13. On the basis of the above legal evidence it was not open to the Courts below to come to the conclusion that no evidence was adduced on behalf of the plaintiff on the issue of subletting. On the other hand what is seen is that the plaintiff has not only specifically pleaded but has also adduced evidence to discharge the initial burden of proof on the plaintiff. The Courts below have clearly committed error apparent on the fact of record in concluding that no evidence has been adduced by the plaintiff in support of the ground of sub-tenancy.
14. The submission advanced on behalf of the respondents that this Court should not reappreciate the evidence on record, merely deserves to be stated to be rejected: for the simple reason that this is not a matter which would require re-appreciation of the evidence, but in my view the Courts below have committed error apparent on the face of the record in concluding that the plaintiff had failed to adduce evidence in support of the issue of subletting inspite of clear pleadings and overwhelming oral and documentary evidence adduced on behalf of the plaintiff to discharge the initial burden of proof and when the defendants failed to take any clear stand on the issue or adduce evidence to discharge their burden of proof. As such I find no merits in the submission advanced on behalf of the respondents that in exercise of jurisdiction under Article 227 of the Constitution this Court should not interfere with the concurrent finding of facts, for. in my view, the finding recorded by both the Courts below cannot be sustained in law.
15. While dealing with the second submission advanced on behalf of the respondents that the pieces of evidence adduced on behalf of the plaintiff, even if held to be proved, were not sufficient enough to hold that the case of subletting was established in law. I am afraid, even this submission clearly overlooks that this is a case where the plaintiff had not only approached the Court with specific pleading but also adduced oral and documentary evidence to discharge the initial burden, whereas the defendants failed to adduce any evidence on the said issue much less an affirmative evidence which they ought to have adduced. As observed earlier, there is no pleading nor any evidence adduced by the defendants, coupled with the fact that the defendant No. 5 who was the material witness has not chosen to enter the witness box whereas oral evidence has been let in on behalf of defendant Nos. 1 to 4 only. Understood thus, even the third submission of the respondents that it is the duty of the Court to look into the material on record to find out sufficiency of evidence even in absence of pleadings or specific denials by the defendants in the pleadings, I am of the view that even this submission is totally misplaced and 111 advised inasmuch as it clearly overlooks that there is not only clear pleading on behalf of the plaintiff but the plaintiff has also discharged the initial burden of proof on issue of subletting. The plaintiff besides adducing oral evidence has proved from the documentary evidence in the shape of voters' list which contained the name of defendant No. 5 as his residence address shown as suit premises; the postal correspondence and the postal acknowledgments would also indicate that defendant No. 5 was staying in the suit premises; even the Court summons in respect of this suit has been admittedly served on defendant No. 5 on the suit premises. Taking the totality of the circumstances into account it is not open to give any benefit to the defendants particularly when they have failed to adduce any legal evidence to bring on record any affirmative evidence regarding the material points to discharge their burden.

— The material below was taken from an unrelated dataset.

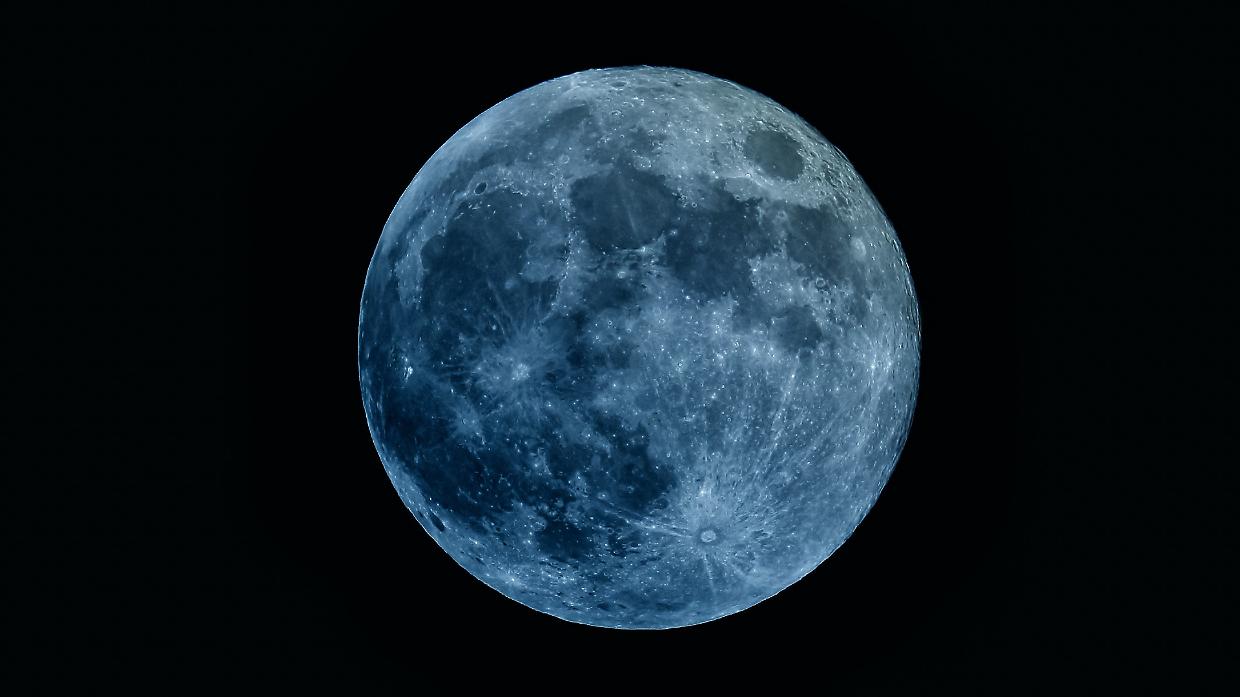 La Super Luna Blu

16. Insofar as the submission advanced on behalf of the respondents that even assuming that the plaintiff had established the case of subletting it would be essential to find out the date from which the sub tenancy was commenced and since there was no clear evidence about the said date it would be necessary to remand the matter. I fail to understand as to how this would affect the conclusion with regard to ground of subletting. In my view, it was sufficient for the plaintiff to bring on record that prior to the institution of the suit the defendants had sublet the suit premises. And there is ample material on record in the present case to indicate that defendant No. 5 was inducted as subtenant prior to the institution of the suit. Merely because the subtenant has subsequently vacated the suit premises that would be of no avail. This position is no more res integra and has been answered by the Apex Court in the case of Gajanan Dattatraya v. Sherbanu Hosang Patel and others, (supra) and the subsequent decision reported in Raghunathi and another v. Raju Ramappa Shetty (supra). Now coming to the other submission, the decision of the Division Bench of this Court has already concluded the Issue that the successor-in-interest can recover possession on the ground of subletting if the said ground was not waived by the original landlord. (See Radhabai Bapurao Shelar and others v. Trimbak Madhavrao Shirole and others. Admittedly in the present matter there is no pleading that the former landlord had waived the ground of subletting in favour of the defendants. In absence of such a plea it is not possible to entertain this contention as the same will not arise of consideration at all. As observed earlier in view of the settled legal position what is to be seen Is that on the date of institution of the suit whether ground of subletting has been made out, as in the present case. It is, therefore, not necessary to answer the question of waiver of sub-tenancy in the present case. Further the enquiry into the date of commencement of sub-tenancy would be wholly irrelevant having regard to the facts and circumstances of the present case, therefore, there is no need of remanding the matter to examine the said question as contended by the respondents.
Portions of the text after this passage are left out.